# Introduction

# Iterables

An **iterable** is an object capable of returning **its members one by one**. Said in other words, an iterable is anything that you can loop over with a *for* loop in Python.

## Sequences

Sequences are a very common type of iterable. Some examples for built-in sequence types are **lists, strings, and tuples**.

In [102]:
numbers = [10, 12, 15, 18, 20]
fruits = ["pineapple", "apple", "lemon", "strawberry", "orange", "kiwi"]
message = "I love Python ❤️"

for num in numbers:
    print(num)

10
12
15
18
20


### Extracting Subset Sequence

You can use indexes to get element or elements from the sequence. In Python, the indexes start from 0. Therefore, the first element in the list will have an index 0. We can also use **negative** indexes to access elements. The last element in the sequence will have an index **-1**, the one before the last one will have an index **-2** and so on. We have also something called slicing in Python which can be used to get multiple elements from the sequence. We can use it like this: sliceable[start_index: end_index: step].

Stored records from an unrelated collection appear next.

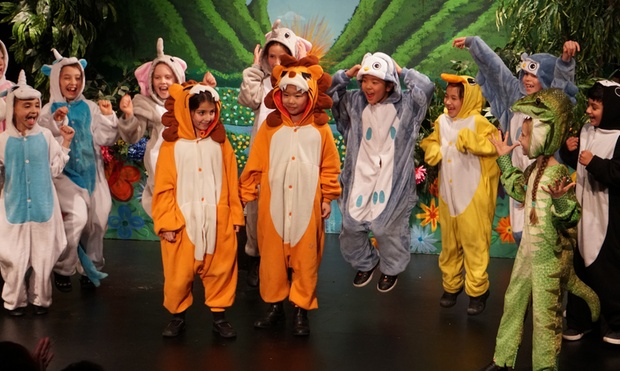 What to expect media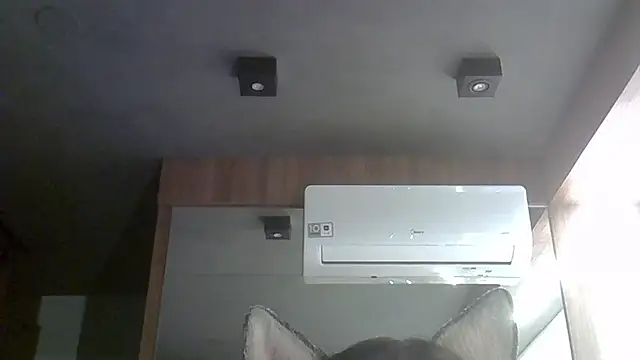 Skinny-Kitten online show from 10.04.25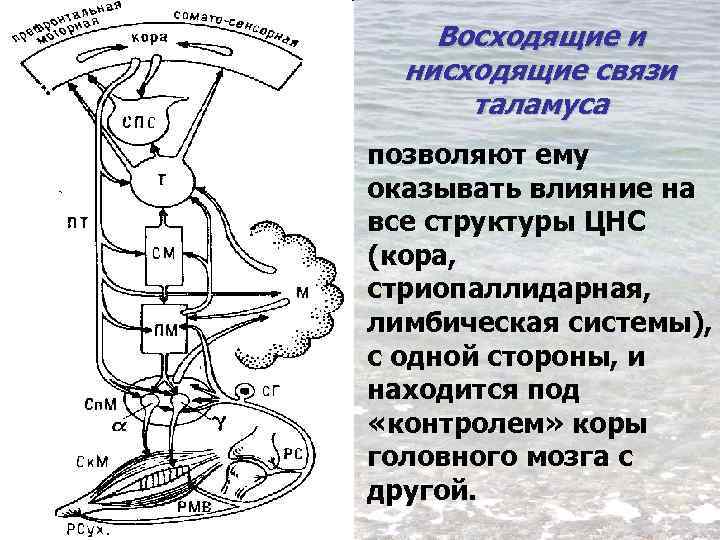 Восходящие и нисходящие связи таламуса позволяют ему оказывать влияние на все структуры ЦНС (кора,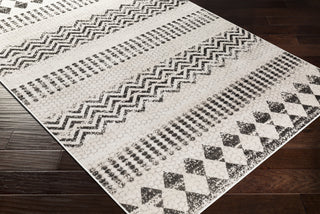 Surya Rafetus ETS-2351 Area Rug  Feature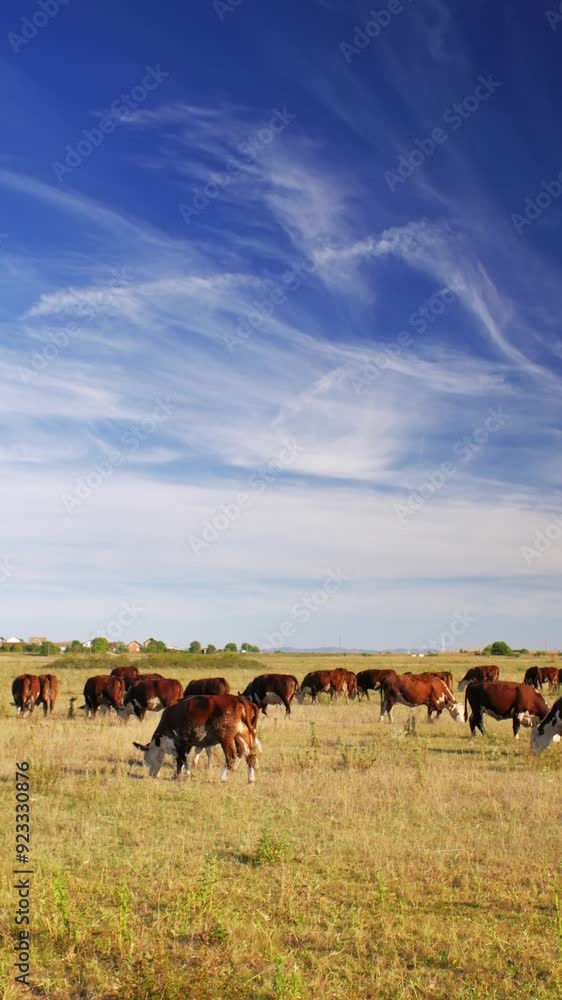 This idyllic rural setting reflects the simple beauty of nature and the quiet harmony of farm life, where the cows move leisurely, enjoying their day in the sun. This idyllic rural setting reflects the simple beauty of nature and the quiet harmony of farm life, where the cows move leisurely, enjoying their day in the sun.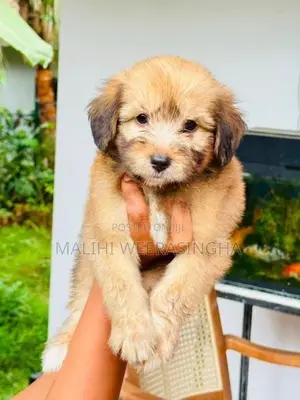 Tibetan Terrier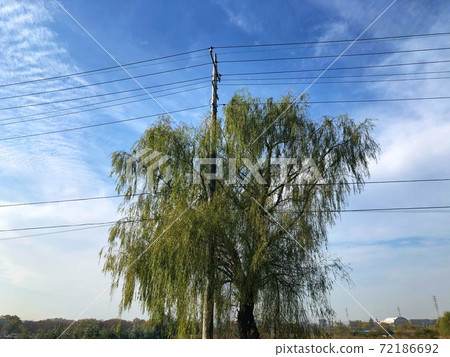 鄉下的風景有在藍天的白雲和在電線桿旁邊的一棵樹的剛孵出的雛 鄉下的風景有在藍天的白雲和在電線桿旁邊的一棵樹的剛孵出的雛 72186692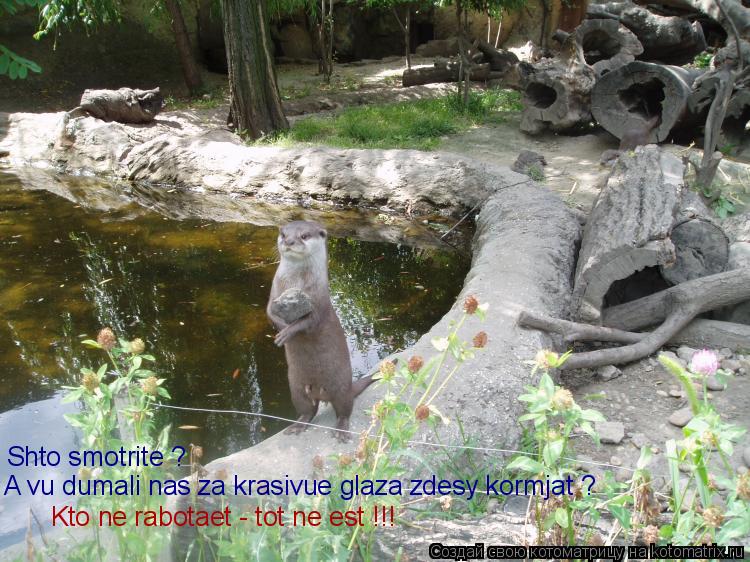 Котоматрица: Shto smotrite ?  A vu dumali nas za krasivue glaza zdesy kormjat ? Kto ne rabotaet - tot ne est !!!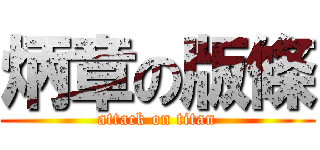 炳章の版條 (attack on titan)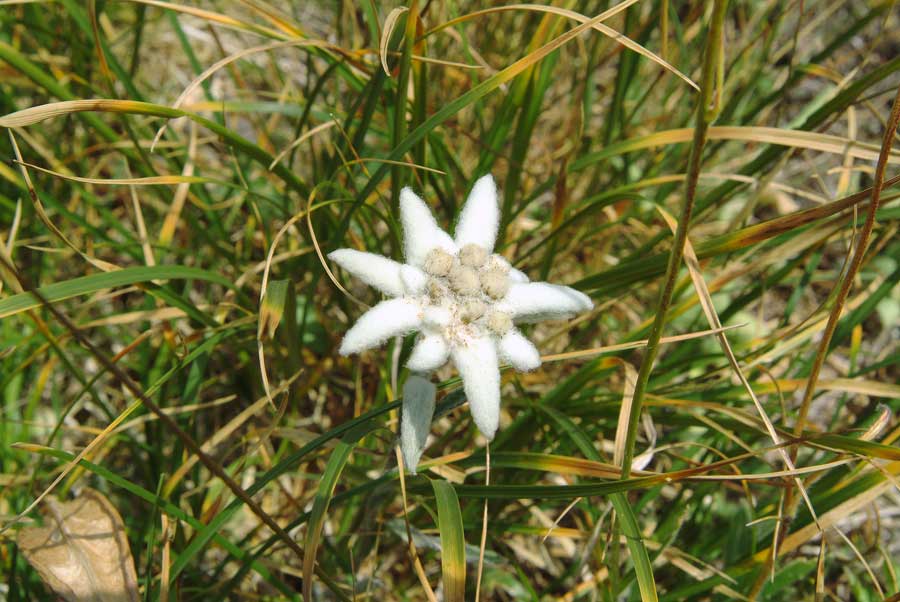00f-edelweis-5-0803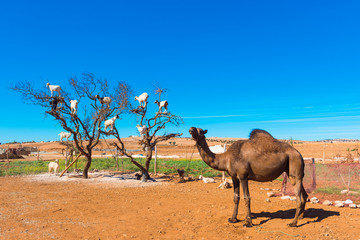 Goats climbed a tree and eat leaves, Essaouira, Souss-Massa-Draa region, Marocco. Copy space for text.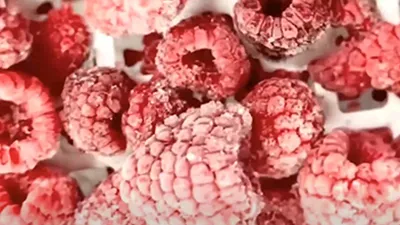 Custom Double-Layer Chocolate Coating Line for an Australian Raspberry Snack Manufacturer1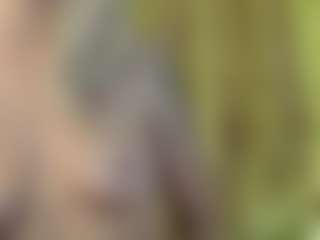 Live cam show with Serenexx - Mature Middle Aged on slutload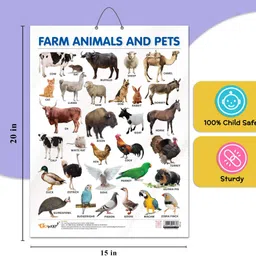go woo FRUITS CHART GLOSS LAMINATED, FLOWERS CHART GLOSS LAMINATED, FARM ANIMALS AND PETS CHART GLOSS LAMINATED, and VEGETABLE CHART GLOSS LAMINATED | combo of 4 charts |Nature's Bounty and Blooms: A Visual Journey Paper Print image 5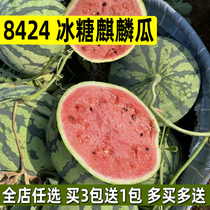 8424西瓜种子冰糖麒麟西瓜种籽大全美都春季水果蔬菜种子孑农作物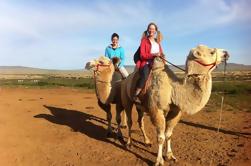 1 día de excursión semi-Gobi incluyendo almuerzo y paseo libre a caballo o caballo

1. The **start_index** is the beginning index of the slice, the element at this index will be **included** to the result, the default value is 0
2. The **end_index** is the end index of the slice, the element at this index will **not be included** to the result, the default value will be the length of the list. Also, the default value can be "length of the list - 1" if the step is negative. If you skip this, you will get all the elements from the start index to the end.
3. The **step** is the amount by which the index increases, the default value is 1. If we set a **negative value** for the step, we’ll move backward.

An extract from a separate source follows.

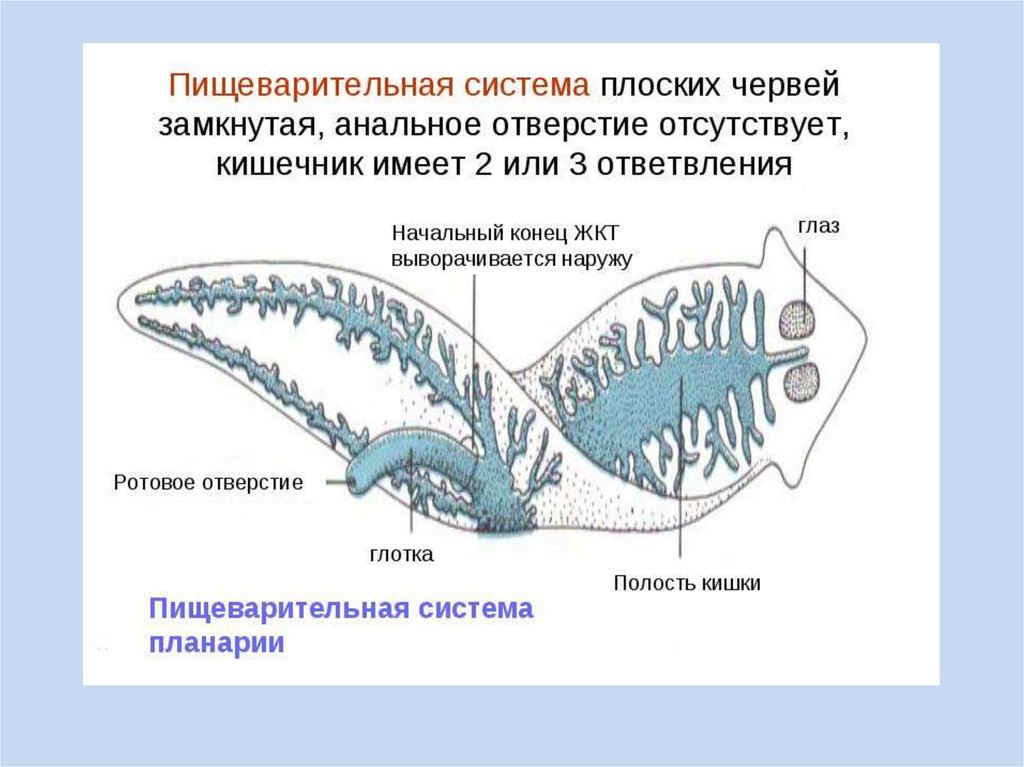 Слепой замкнутая пищеварительная система. У плоских червей есть пищеварительная система.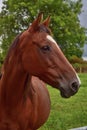 Portrait of a beautiful mare in Ireland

**[Indice Access]** They support efficient element access using integer indices via the **\__getitem()\__** special method (indexing) and define a **\__length()\__** method that returns the length of the sequence

In [103]:
print(numbers[0])
print(fruits[2])
print(message[-2])

10
lemon
❤


**[Slicing Access]** Also, we can use the slicing technique on them.

In [104]:
# Slicing the sequences
print(f"numbers[:2] -> numbers[:2]")
print(f"numbers[0:2] -> {numbers[0:2]}")
print(f"numbers[0:4:2] -> {numbers[0:4:2]}")
print(f"numbers[4:0:-1] -> {numbers[4:0:-1]}")
print(f"fruits[1:] -> {fruits[1:]}")
print(f"fruits[::] -> {fruits[::]}")
print(f"fruits[0:2] -> {fruits[0:2]}")
print(f"fruits[-2:-1] -> {fruits[-2:-1]}")
print(f"fruits[3:] -> {fruits[3:]}")
print(f"fruits[:4] -> {fruits[:4]}")
print(f"fruits[:]: {fruits[:]}")
print(f"fruits[::-1] -> {fruits[::-1]}")
print(f"fruits[::-2] -> {fruits[::-2]}")
print(f"fruits[::2] -> {fruits[::2]}")

# Understanding some default values
print(f"fruits[0:6:1] -> {fruits[0:6:1]}")
print(f"fruits[-1:-7:-1] -> {fruits[-1:-7:-1]}")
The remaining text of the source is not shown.